Easter has long been associated with the Christian tradition, this has been the only meaning of Easter for the better part of 2000 years. There is evidence to suggest though that this celebration is merely the continuation, and latest incarnation of, an earlier festival that coincided with the Vernal Equinox. This “Pagan” origin is speculated to be a festival in honour of the goddess Eostre, she was the Goddess of spring and fertility and may also have been the goddess of dawn. This pre-Christian goddess also lent her name to a month of the year in the same way that many of the months in the modern calendar owe their names to Roman gods.
The symbology of our current Easter is also much easier to understand in the context of a celebration of a fertility goddess. Both the rabbit (or Hare) and the egg are ancient symbols of fertility for obvious reasons and so their incorporation into the tradition is natural. It is possible that the introduction of Easter into the Christian tradition was an attempt to make the new religion more palatable to a wide audience or perhaps more likely it was an amalgamation of two festivals that happened to occur at the same time and so in a way incorporated the mythology of one into the other.

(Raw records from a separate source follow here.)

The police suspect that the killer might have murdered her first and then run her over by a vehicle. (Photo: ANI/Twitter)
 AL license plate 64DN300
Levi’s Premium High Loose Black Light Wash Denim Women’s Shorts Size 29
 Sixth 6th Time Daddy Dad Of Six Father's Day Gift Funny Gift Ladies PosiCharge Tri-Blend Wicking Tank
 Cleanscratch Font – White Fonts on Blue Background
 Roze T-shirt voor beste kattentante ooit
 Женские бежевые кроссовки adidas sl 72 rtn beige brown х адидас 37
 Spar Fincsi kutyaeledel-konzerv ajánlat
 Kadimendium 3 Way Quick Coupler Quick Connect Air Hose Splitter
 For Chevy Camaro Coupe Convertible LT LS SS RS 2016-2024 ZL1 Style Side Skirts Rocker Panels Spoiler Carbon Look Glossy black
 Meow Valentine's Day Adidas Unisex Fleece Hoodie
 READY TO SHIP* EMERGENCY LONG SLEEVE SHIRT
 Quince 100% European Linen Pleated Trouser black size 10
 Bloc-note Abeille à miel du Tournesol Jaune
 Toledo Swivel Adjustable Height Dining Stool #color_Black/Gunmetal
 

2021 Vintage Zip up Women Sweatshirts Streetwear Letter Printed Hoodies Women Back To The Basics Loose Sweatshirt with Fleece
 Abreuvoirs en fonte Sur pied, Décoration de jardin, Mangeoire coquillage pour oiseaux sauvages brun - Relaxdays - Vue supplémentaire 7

It is interesting to note that observances such as Easter and Christmas while having a firmly religious foundation in the past have morphed into more or less secular holidays. I recall a radio poll several years ago that asked if Easter should be divorced from it’s religious connections and at the time I thought, it already is. In my mind this is neither a good nor bad thing merely the consequence of living in a culturally diverse milieu*.
*I’ve been dying to use this word in a sentence.